Michell’s main logical argument is as follows (from his very concise reply to a number of commentaries, p. 401):
Premise 1. All measurement is of quantitative attributes.
Premise 2. Quantitative attributes are distinguished from non-quantitative attributes by the possession
of additive structure.
Premise 3. The issue of whether or not any attribute possesses additive structure is an empirical one.
Conclusion 1. The issue of whether or not any attribute is measurable is an empirical one.
Premise 4. With respect to any empirical hypothesis, the scientific task is to test it relative to the evidence.
Premise 5. Quantitative psychologists have hypothesized that some psychological attributes are
Final thesis. The scientific task for quantitative psychologists is to test the hypothesis that their
hypothesized attributes are measurable (i.e. that they possess additive structure).
The major task for psychology is to actually prove that anything that we do has a quantitative structure. Much of his review is taking to task the legacy of Fechner and especially Stevens (for those of you who ever suffered through some advanced methods classes… these names should be painfully familiar). It was an eye opener to see the larger context and the re-interpretation of stuff that I just took for granted as a student and never really questioned later on in my professional life. Fechner’s legacy leading to a so-called quantitative imperative (e.g., Spearman, Cattell, Thorndike) was challenged in the early to mid-parts of the last century (the so-called Ferguson Committee), but Stevens became the most successful defender of this empiricist tradition. He argued in a representational theory of measurement that measurement is the numerical representation of empirical relations. There is a
‘kind of isomorphism between (1) empirical relations among objects and events and (2) the properties of…’ numerical systems (Stevens, 1951, p. 1). From this starting point he developed his theory of the four possible types of measurement scales (nominal, ordinal, interval and ratio)’ (Michell, page 370). This is the foundation of any scale development in psychology. In a second argument beautifully laid out by Michell, it then becomes clear that these numerical representations due to their assumed isomorphic relations then both define the relations represented and represent them. Given this operationism, ‘any rule for assigning numerals to objects or events could be taken as providing a numerical representation of at least the equivalence relation operationally defined by the rule itself.’ (Michell, p. 371).

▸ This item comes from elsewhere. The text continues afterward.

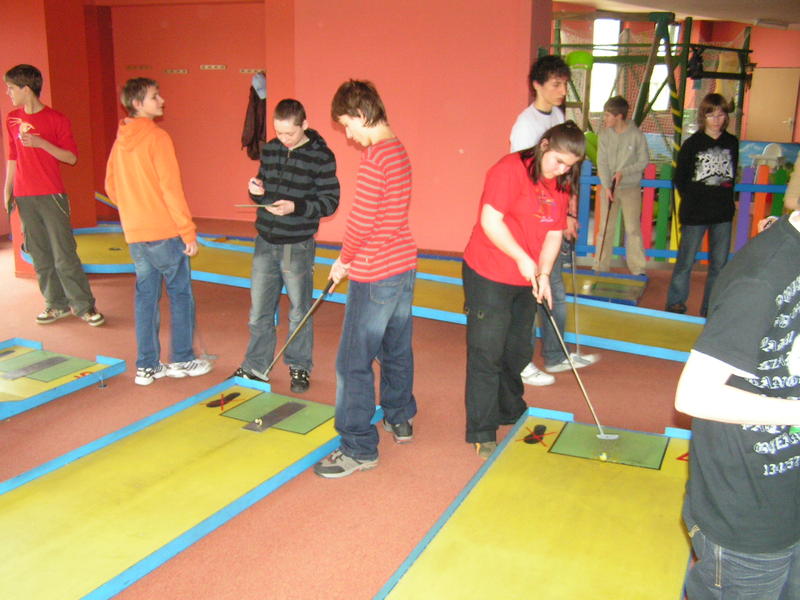 components/com_spgm/spgm/gal/sport/minigolf_08/pict0036.jpg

And this loop is where we are stuck. We take a few items or questions, administer them to a bunch of people, factor analyze them to get a simple structure and voila… we have measured depression, anxiety, dominance, identity… you name it. Or take implicit measures… you present a number of stimuli with no inherent coherent meaning and present them to individuals to measure their accuracy or reaction speed or whatever you want. Take the score and you have some measure of implicit bias, cognitive interference, etc. There is no relation between the empirical reality and the numerical representation as scores anymore. The question of whether the phenomenon of interest can be quantified has disappeared.
How does the DSM V fit in here? Well, it could be seen as just the latest installment of the same confusion. We don’t know what exactly we are measuring (see for example this article on grief as a case in point).
The issue is that we need to test whether psychological constructs can actually be quantified. As simple or complex as that. As much as I agree, I can’t stop scratching my head and wondering how the heck we are going to do that. How would you be able to examine whether any psychological construct (which is basically just an idea in our beautiful minds that we try to use and build some kind of professional convention around it) is actually quantifiable or not? The responses by a number of eminent psychometricians to this challenges suggested that nobody was able to come with an example to show that this has worked in a wider context within mainstream psychology.
Enter the second paper. Approaching the problem using Wittgenstein’s philosophy of measurement as normative practice (comparing it to the logical structure of language), Maraun argues that measurement needs to be rule-based or normative. You need to start with a definition that then leads to a specific set of rules or norms of how to measure this particular phenomenon just defined. The definition and the set of rules are the most basic form of expression. There is nothing simpler or more basic than this. Once these norms are established, any other person should be able to arrive at a similar result, that even if based on a different metric should still be convertible (e.g., from meters to feet). In psychology in contrast, we have no rules. We have a test or an experiment that is being conducted and the results are examined against another set of empirical observations to claim that the results are valid. According the practice of measurement in physics, empirically based arguments are not relevant for claiming that something has been measured. Measuring a number of items that factor together and then correlating it with some other instrument similarly derived does not mean that anything meaningful has been measured. Observing some kind of empirical pattern in an experiment does not constitute measurement if it is then validated or compared to a different set of empirical observations. The issue is that the concept is not sufficiently precise defined to lead to a set of rules that govern its measurement.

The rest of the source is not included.